● MATERIAL PROVIDED:
____

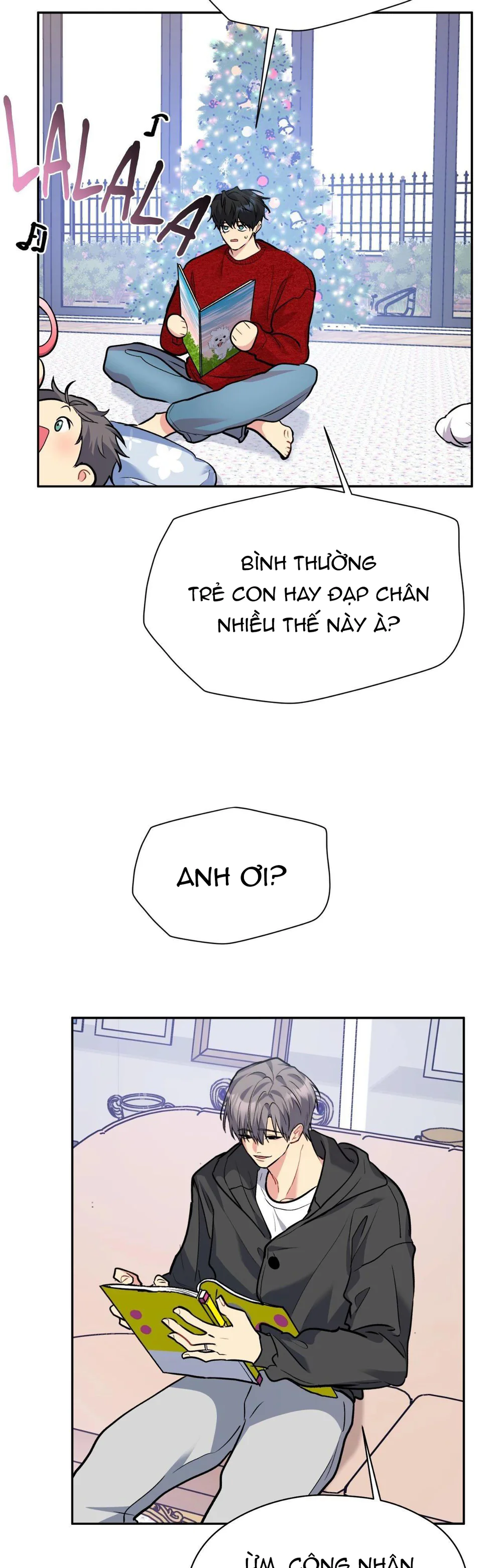 Đọc truyện Em Nguyện Làm Chó Của Anh - Chapter 16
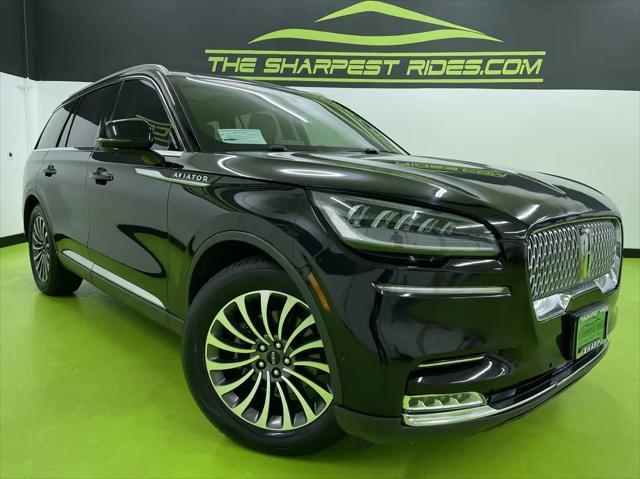 2020 Lincoln Aviator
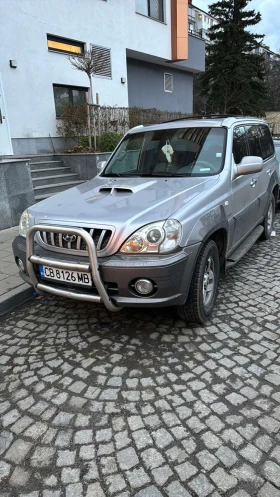 Hyundai Terracan 4WD, снимка 2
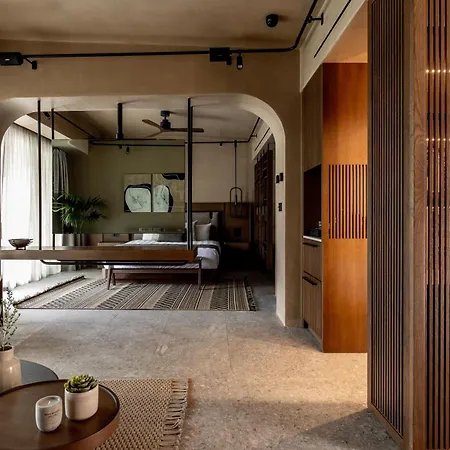 Hotel Pnoe Breathing Life - Adults Only 5*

____

● WORK INSTRUCTION: Return the whole listing word for word, minus its pictures.

● SOLUTION TO THIS TASK:
 Đọc truyện Em Nguyện Làm Chó Của Anh - Chapter 16
 2020 Lincoln Aviator
 Hyundai Terracan 4WD, снимка 2
 Hotel Pnoe Breathing Life - Adults Only 5*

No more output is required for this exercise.